Chronique

Stéphan Oliva

Stéréoscope

Stéphan Oliva (p), Claude Tchamitchian (b), Jean-Pierre Jullian (dm)

Label / Distribution : La Buissonne / Harmonia Mundi

Une longue histoire d’amitié et d’affinités réunit une fois encore Stéphan Oliva et Gérard de Haro au studio de la Buissonne pour ce Stéréoscope. Leur première rencontre remonte à 1990 : dans le studio où officie l’ingénieur du son et qui ne s’appelle pas encore La Buissonne, le pianiste enregistre son premier disque, qu’il a lui-même produit, avec un trio « régional » composé du contrebassiste Bruno Chevillon et du batteur Jean-Pierre Jullian. Au fil des ans, de Haro enregistrera treize des seize disques signés Oliva. Ce dernier a participé à la formidable aventure du Lousadzak sous l’égide de Claude Tchamitchian, mais aussi aux projets “sudistes” de Jean-Pierre Jullian sortis sur le label Emouvance, fondé par le contrebassiste… tout en continuant à créer son répertoire personnel et à proposer les musiques qui lui tenaient à cœur (Ghost of Bernard Herrmann, la musique du film de Pabst Loulou, Sept variations sur Lennie Tristano, Echoes Of Spring … ).
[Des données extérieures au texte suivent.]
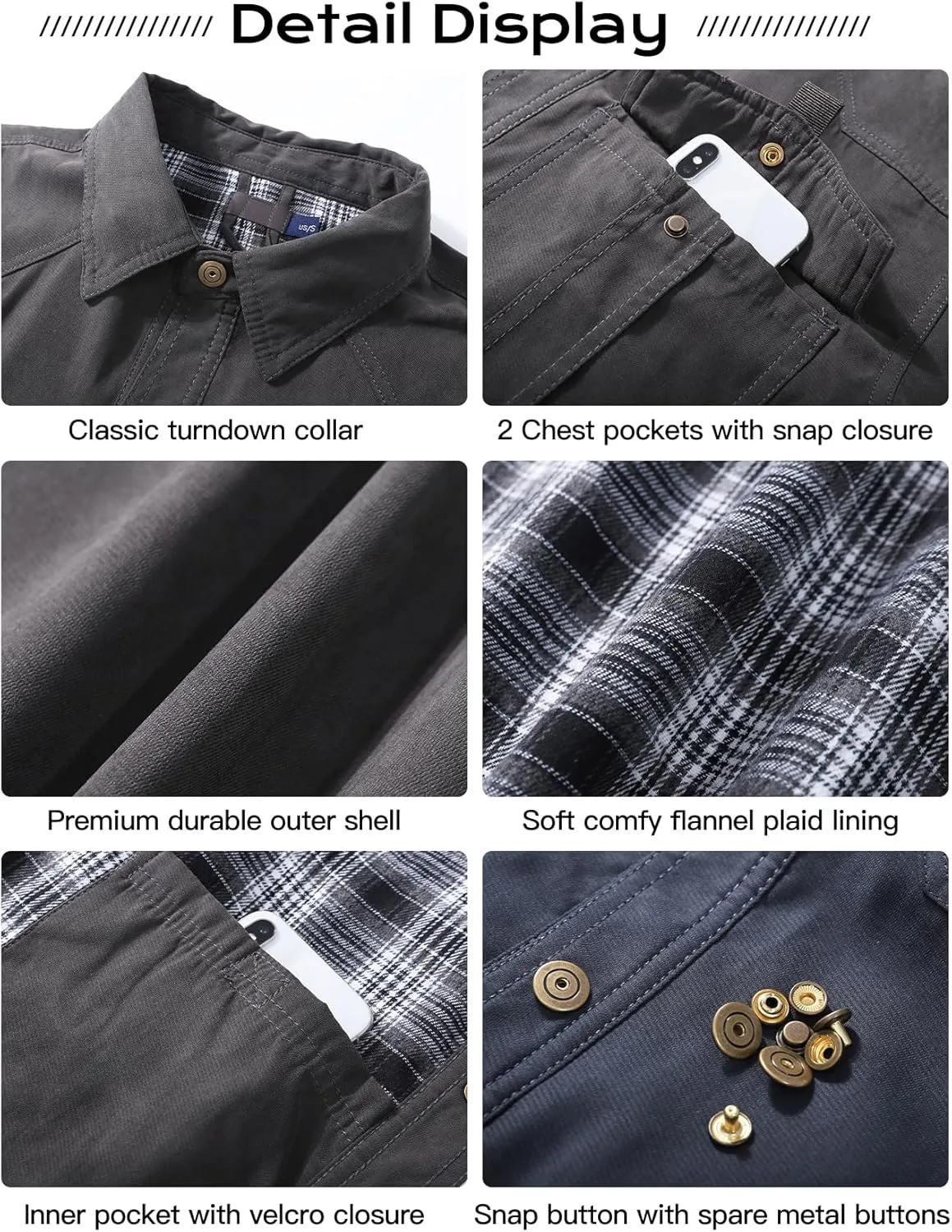 Flygo Mens Flannel Lined Shirt Jacket Vintage Snap Button Western Jacket Rugged Outdoor Cowboy Shirts Jackets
Les liens ne se sont jamais dénoués et Oliva retrouve ici ces mêmes camarades de jeu. Chacun trouve aussitôt ses marques, au sein d’une complicité originale et exigeante. Chaque nouvel échange complète le tableau en apportant sa variation à l’univers particulier, poétique et intemporel de l’artiste, dans une veine mélancolique qu’il assume et transcende. Cette musique, par ses harmoniques et ses couleurs, distille le plus souvent une secrète tristesse, comme dans « Cécile seule », pièce qu’Oliva a souvent reprise depuis sa création (sur Itinéraire imaginaire. On retrouve les chants crépusculaires, les visions oniriques qui sont sa marque, comme autant d’images d’un monde flottant, mais aussi des giclées, des éclats de free soutenus par la batterie frémissante de Jullian. Souvent, dans des phrases contenues, rondes encore, se dévoile la menace d’une explosion : la sonorité est pleine, et une intensité sans autre vibration que celle des cordes sensibles traverse ces pièces difficiles, inquiétantes parfois. De ballades rêveuses en modernes dissonances, de cadences fluides en dérives mélodiques se crée tout un répertoire pianistique : élégance du trait, irisations renvoyant aux délicates impressions et aux flamboiements de la musique française du début du XXè, ainsi qu’à Bill Evans, bien sûr, mais avant tout à la personnalité même de Stéphan Oliva…

A l’inspiration jaillissante, le musicien préfère les maturations lentes, les gestes répétitifs, les coulées obsédantes (« Portée disparue », « Bangkok »). On le dirait embarqué dans une progression que rien ne saurait entraver, un parcours labyrinthique. Un espace de liberté absolue. Sans s’encombrer de nostalgie, le trio s’attache à traduire la circulation du sens poétique. On ne s’ennuie jamais et pourtant c’est la même petite musique qui continue à nous émouvoir, à vriller nos sens, à s’insinuer lentement en nous, pour l’éternité. Car Stéréoscope renvoie bien sûr, de par son titre même, à la photographie en relief, cet espace d’images en trois dimensions qui peuplent nos rêves et pensées les plus intimes.